With Ruby Chew and live model Miss Burlesque SA Letitia Stitch, Cabaret singer Rosie Russell, David Goodwin on piano and Mishul Piochaud on Double Bass. The Famous Spiegeltent. Adelaide Cabaret Festival. Adelaide Festival Centre. June 11-25 2022.

Reviewed by Peter Wilkins

I have a confession to make. I was asked to leave the art classes at Adelaide Art School as a child after I drew a portrait of the teacher. If only I had had Ruby Chew from the Central School of Art as my teacher, Smiling, calm and encouraging she inspired possibility as she led me to a seat in The Famous Spiegeltent to experience Cabaret Life Drawing. With such coaxing how could I not give it a go even though to this day I can’t draw an egg.  This year’s Adelaide Cabaret Festival certainly has something for everyone.

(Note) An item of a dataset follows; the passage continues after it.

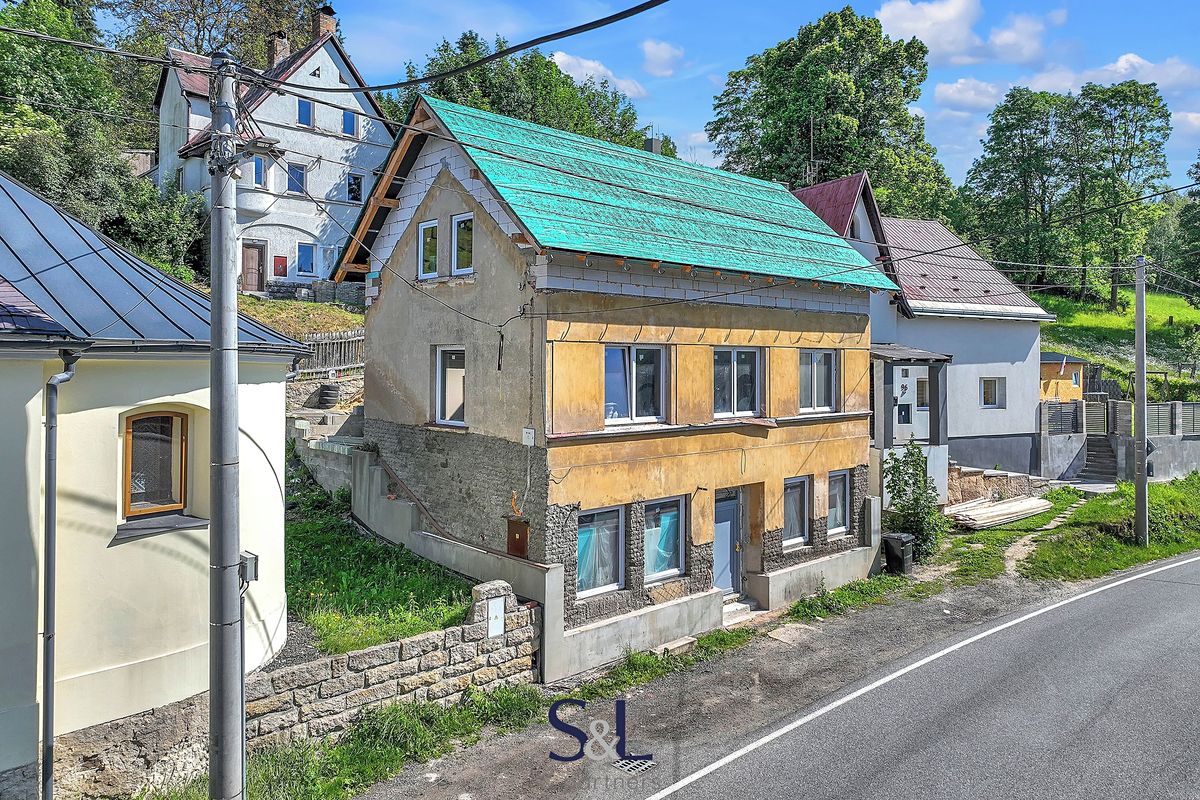 Prodej rodinného domu 100 m², pozemek 158 m²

Rosie Russell and Letitia Stitch

Equipped with sheets of paper on a board and a charcoal pencil and thin charcoal stick we face the artist’s studio from a time past. On stage a tassled red chaise longue is placed before a standard lamp, a pot of ferns and a polished bentwood chair. An easel stands ready on the floor. In the background of the studio setting David Goodwin on piano and Milush Piochaud on Double Bass lull us into a sense of comfort with their jazz version of A Fine Romance.

Miss Burlesque SA. Letitia Stitch enters in a Forties style figure-hugging sleeveless long white evening gown highlighted by black lined white flounces  and reclines on the chaise longue. Still and beautiful like a Galatea from another age she alters her pose as Chew guides us through the exercises. She is Wedekind’s Lulu in the artist’s studio, a vision to melt the human heart. 

Live model  Letitia Stitch

As the charcoal sweeps across the blank paper, Rosie Russell at the microphone fills the air with the sound of cabaret and Dorothy Field’s uplifting 1940’s song If You Could See Me Now. As the workshop continues Russell returns at times to set the period once more with Mack Gordon and Harry Warren’s At Last. Russell and   take their pose for the final exercise to draw one’s own impression of these Vogue Cover visions in magnificent State Opera of South Australia costumes of the period. Cabaret Life Drawing is more than an art class. It is a charming and innovative approach to the art of cabaret. As well as the exercises, such as drawing in a continuous line, drawing with the opposite hand, blind drawing and drawing freely. Chanteuse Russell and Goodwin on piano and Piochaud on Double Bass transport the audience to a time of creativity and peaceful contemplation.

The hour in Chew’s studio is over all too soon. The charm lingers and though the visual artist’s Muse may have left me long ago. Chew’s gentle instruction in Cabaret Life Drawing proves that it is never too late to return. This imaginative art class a la cabaret is style and charm in portraiture for everyone to enjoy.